In diesem defätistischen Kontext ging es weiter, der „heißeste Sommer der Messgeschichte” wurde ebenso aus dem Hut gezaubert wie die „überschaubare Elite von Tech-Milliardären”. „So viele Krisen, man kommt ja gar nicht mehr nach mit dem Wegschauen”, versuchte Van der Bellen auch dem letzten Gast den unbeschwerten Kulturabend zu verderben.

„Wie können wir uns in all dem Chaos wieder aufrichten?"

Nachdem die Stimmung erfolgreich im Keller angekommen war, stellte der Bundespräsident philosophische Fragen, die garantiert niemand bei der Eröffnungsfeier der Bregenzer Festspiele hören wollte: „Und ich hier, in meiner Rolle als Bundespräsident, denke mir auch manchmal: Wie lässt sich in all diesem Chaos noch irgendein Prinzip finden, an dem wir alle gemeinsam uns wieder aufrichten können und das uns hilft, Zuversicht zu entwickeln und den Mut, die Dinge anzugehen?”

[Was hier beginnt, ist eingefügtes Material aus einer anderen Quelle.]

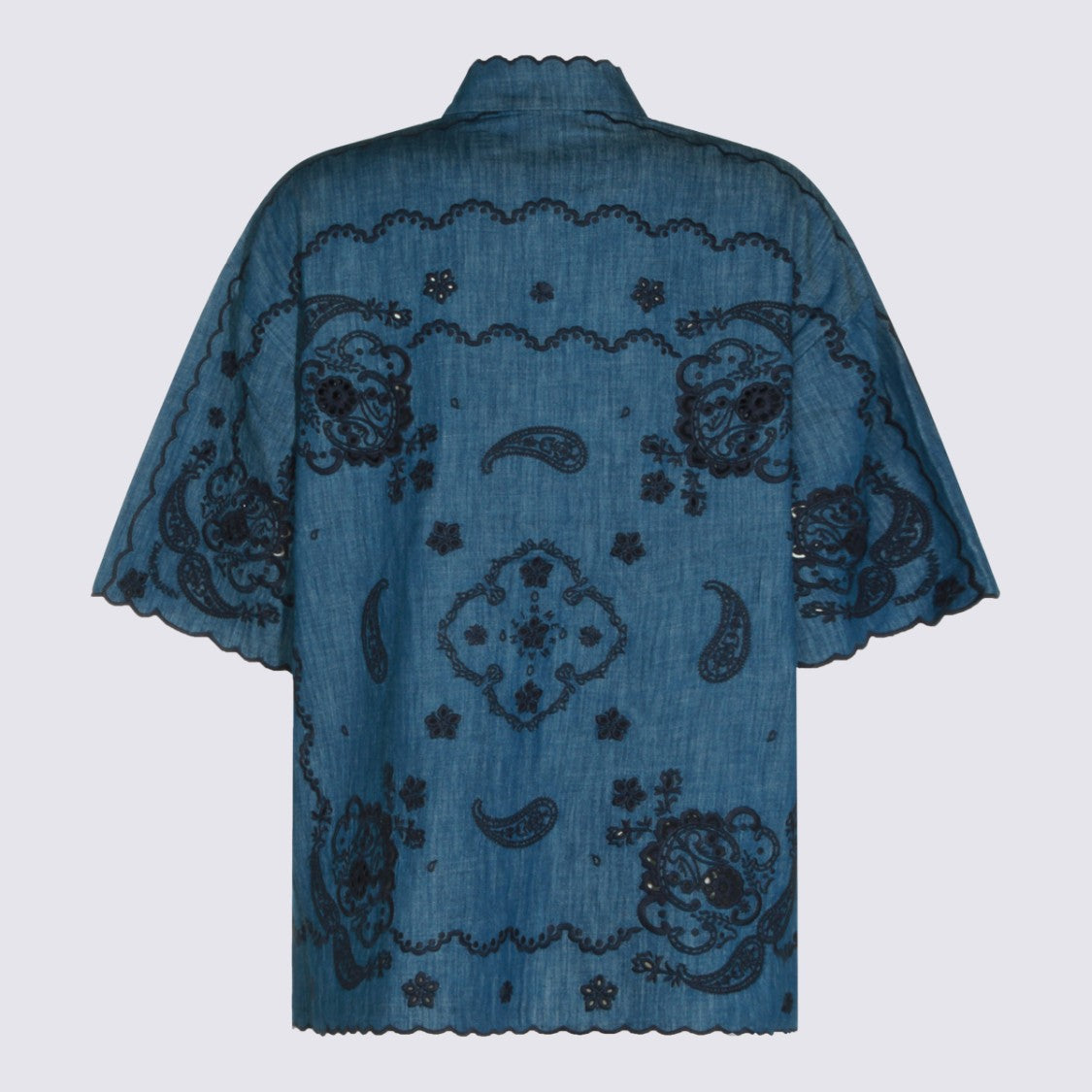 Zimmermann Blue Denim Shirt With Intricate Black Embroidery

Wer nun allerdings gehofft hat, dass es nach all dem negativen Gerede aufwärts geht, wurde bitter enttäuscht: Van der Bellen, so richtig in Fahrt gekommen, skizzierte die Zukunft der Welt in unterschiedlichen Szenarien.

Weltuntergangsstimmung als mögliches Szenario

Im ersten Szenario machte der Präsident Mut, dass „alles nicht so schlimm wird”, die Kriege enden und ein goldenes Zeitalter beginnen könnte und schob gleich nach: „Nicht sehr wahrscheinlich.” Bei Möglichkeit Nummer zwei schöpfte Van der Bellen wieder aus dem Vollen: „Ein weiteres mögliches Szenario ist, dass alles schiefgeht, was schiefgehen kann, und wir auf eine Apokalypse zusteuern, die Welt in Flammen aufgeht und wir in einem phänomenalen Crash an die Wand fahren.”

Bevor endgültig Panik im noblen Festspielhaus ausbrach, beschwichtigte der Präsident umgehend: Nein, die Zukunft wird weder paradiesisch noch apokalyptisch, man dürfe die Hoffnung nicht verlieren und „die Dinge ruhig und entschlossen anpacken”. „Wir müssen der Ungewissheit mit innerer Klarheit und auch einer gewissen Entschlossenheit begegnen.” Wie das funktioniert? Mit einem „Mindset, das uns in die Zukunft führt.”

Europäisches Eisenbahnprojekt und EU-Rüstungsprojekt

Und das schaut so aus: Man müsse die Welt akzeptieren, wie sie sei, der Realität ins Auge sehen und dürfe nie aufhören zu lernen.

Auch einen Plan für Europas Zukunft gab der Bundespräsident als Denkanstoß mit, nämlich ein großes Eisenbahnprojekt. „Warum starten wir nicht ein Projekt wie Airbus, das ein wahres paneuropäisches Projekt ist und eine unglaubliche Erfolgsgeschichte? Warum nicht ein großes europäisches Eisenbahnprojekt, mit dem Ziel die europäischen Hauptstädte mit Hochgeschwindigkeitszügen zu verbinden? Warum nicht ein gemeinsames, europäisches Rüstungsprojekt”, fragte Van der Bellen tatkräftig in die erstaunte Runde und appellierte an die „guten Seiten des Menschseins”. „Zu diesen guten Seiten gehören mit Sicherheit Kunst und Kultur”, schaffte der Präsident tatsächlich die Kurve zur eigentlichen Veranstaltung und erklärte die Bregenzer Festspiele für eröffnet. Der Applaus war tosend.